(Items from a data source)
○ ○ ○

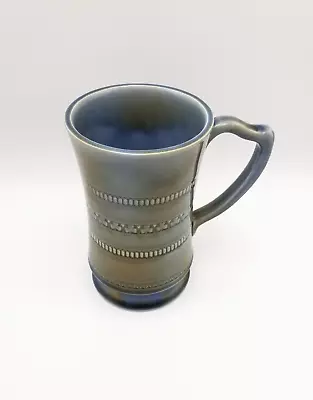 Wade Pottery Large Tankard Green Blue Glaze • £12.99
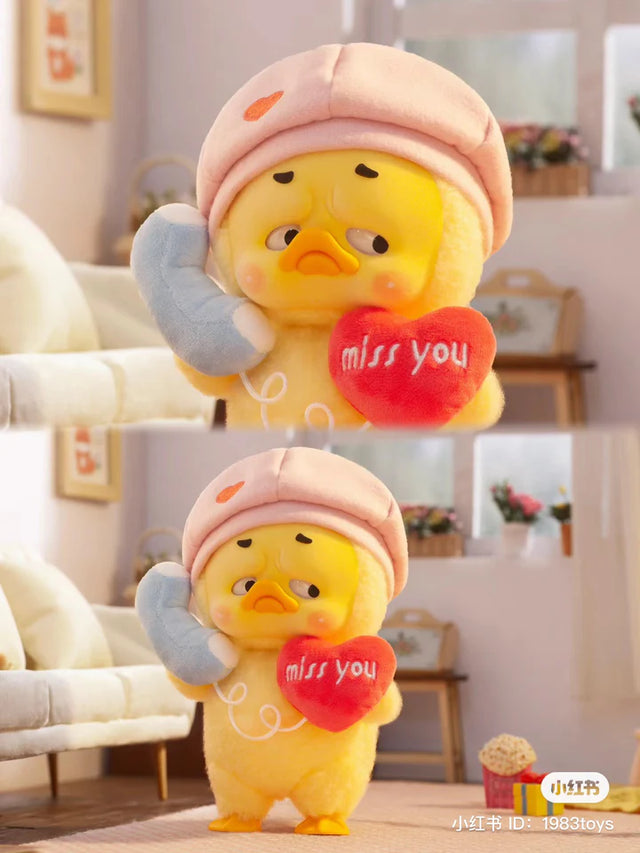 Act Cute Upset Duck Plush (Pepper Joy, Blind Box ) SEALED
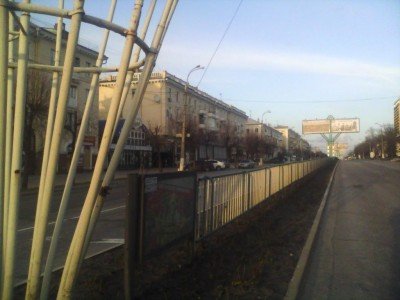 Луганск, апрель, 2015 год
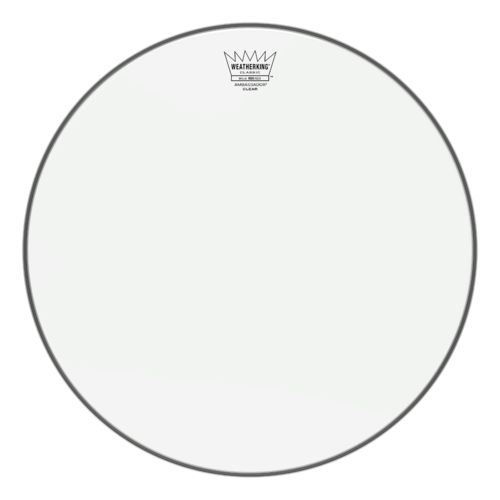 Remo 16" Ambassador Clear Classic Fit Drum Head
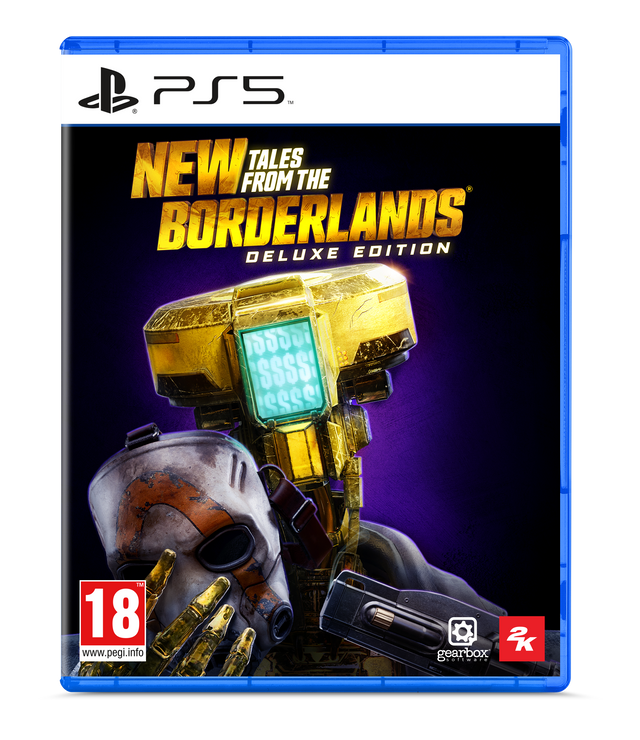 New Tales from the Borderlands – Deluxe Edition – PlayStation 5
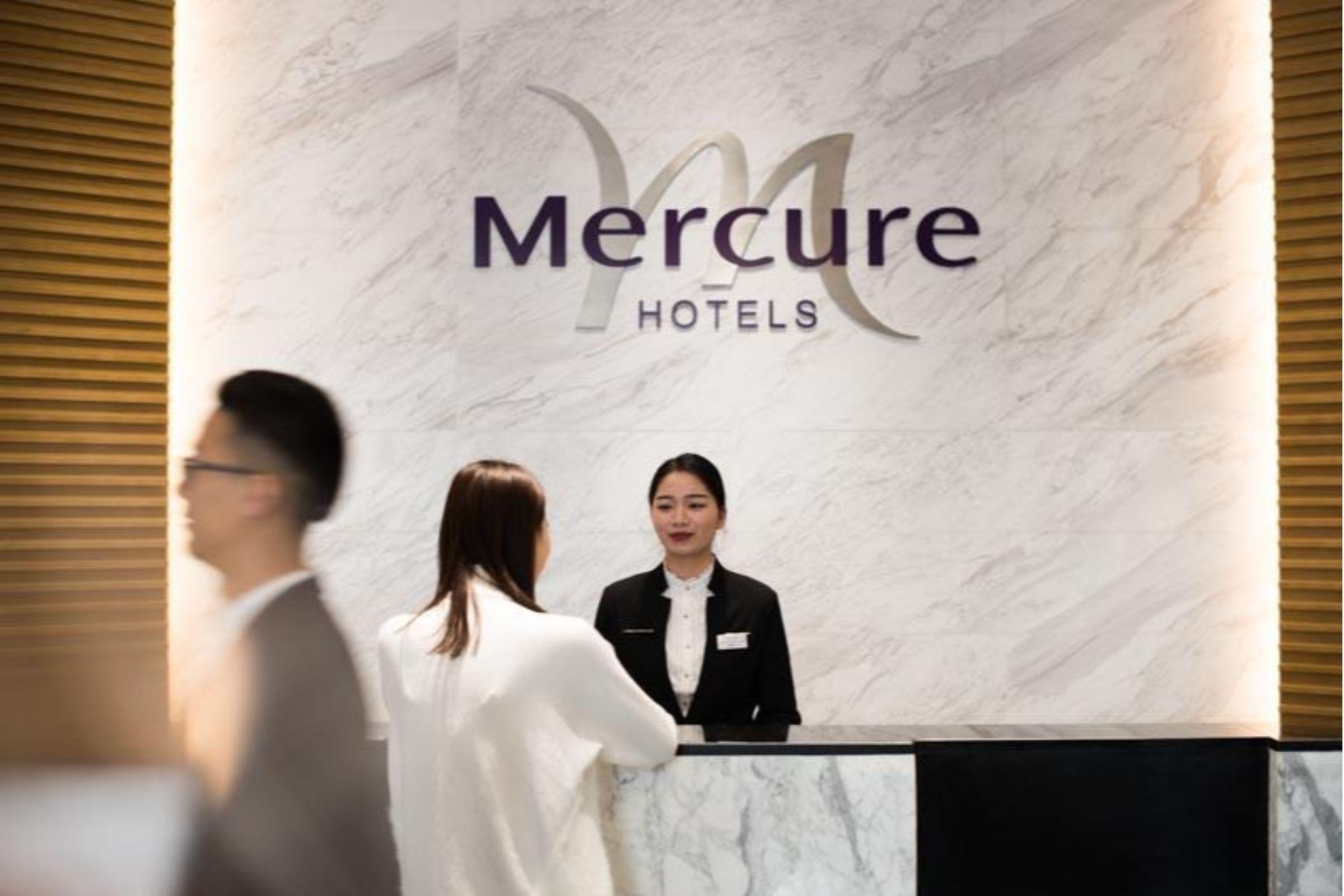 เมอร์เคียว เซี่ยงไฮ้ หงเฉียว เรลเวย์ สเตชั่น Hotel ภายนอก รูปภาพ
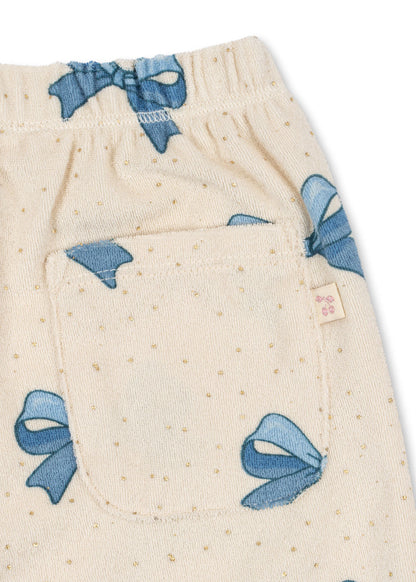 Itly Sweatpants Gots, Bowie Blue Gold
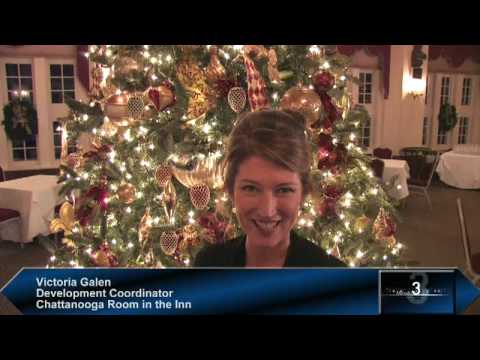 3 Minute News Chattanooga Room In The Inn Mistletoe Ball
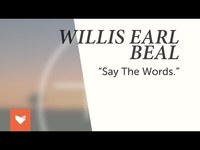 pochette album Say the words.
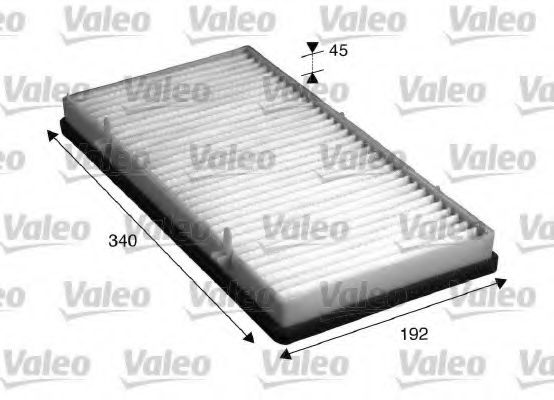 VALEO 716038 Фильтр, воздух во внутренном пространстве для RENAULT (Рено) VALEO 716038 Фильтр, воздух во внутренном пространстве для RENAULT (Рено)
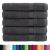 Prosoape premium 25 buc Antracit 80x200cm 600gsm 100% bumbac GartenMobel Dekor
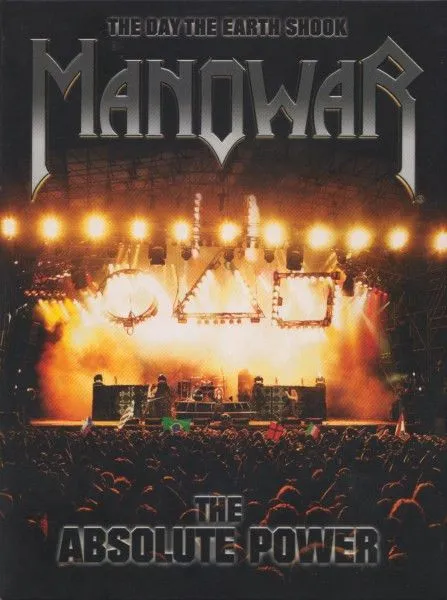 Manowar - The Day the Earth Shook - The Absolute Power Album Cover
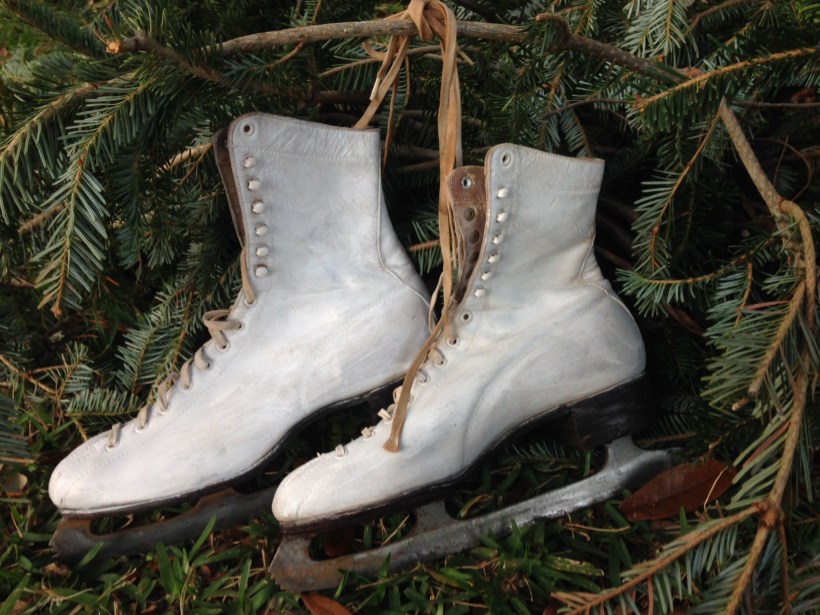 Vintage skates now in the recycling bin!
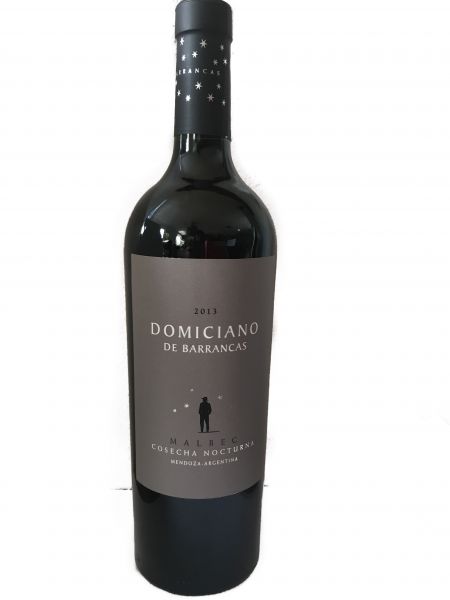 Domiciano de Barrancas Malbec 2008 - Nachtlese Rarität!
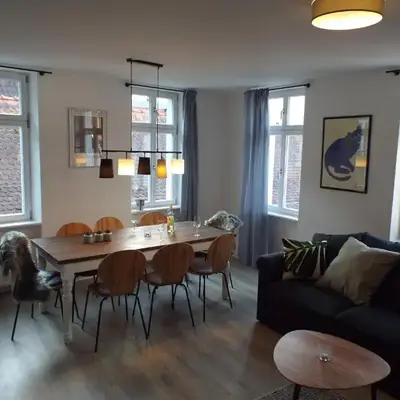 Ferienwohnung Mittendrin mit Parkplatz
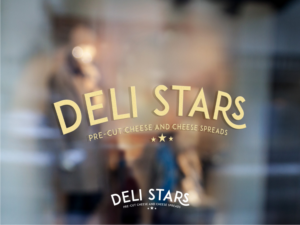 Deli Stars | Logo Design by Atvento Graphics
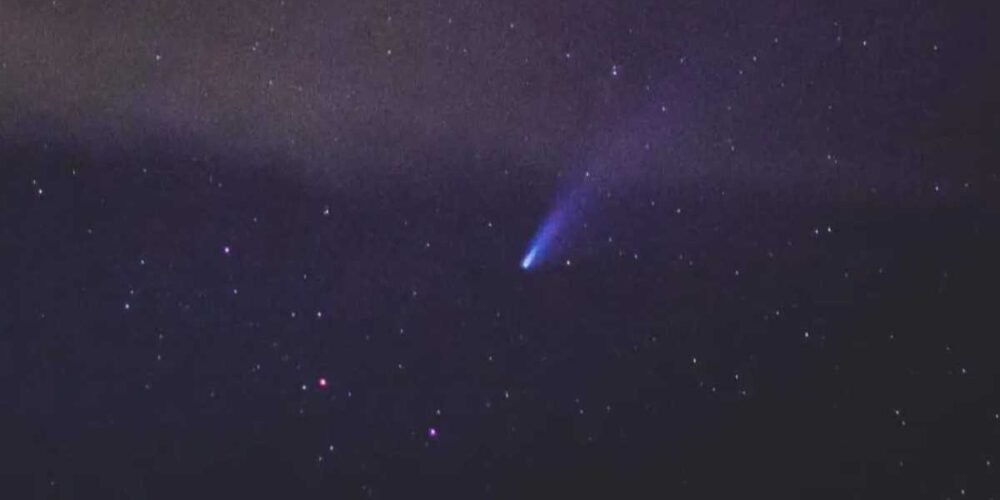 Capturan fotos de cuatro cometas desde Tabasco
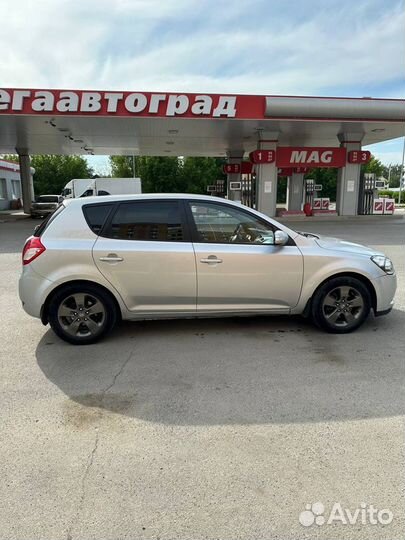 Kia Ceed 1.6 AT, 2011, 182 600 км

○ ○ ○

Nothing but the lines from the one containing "Manowar - The" through the last line of the records should appear in the copy, exactly as written and without pictures.

▶ **TASK ANSWER**:
 Manowar - The Day the Earth Shook - The Absolute Power Album Cover
 Vintage skates now in the recycling bin!
 Domiciano de Barrancas Malbec 2008 - Nachtlese Rarität!
 Ferienwohnung Mittendrin mit Parkplatz
 Deli Stars | Logo Design by Atvento Graphics
 Capturan fotos de cuatro cometas desde Tabasco
 Kia Ceed 1.6 AT, 2011, 182 600 км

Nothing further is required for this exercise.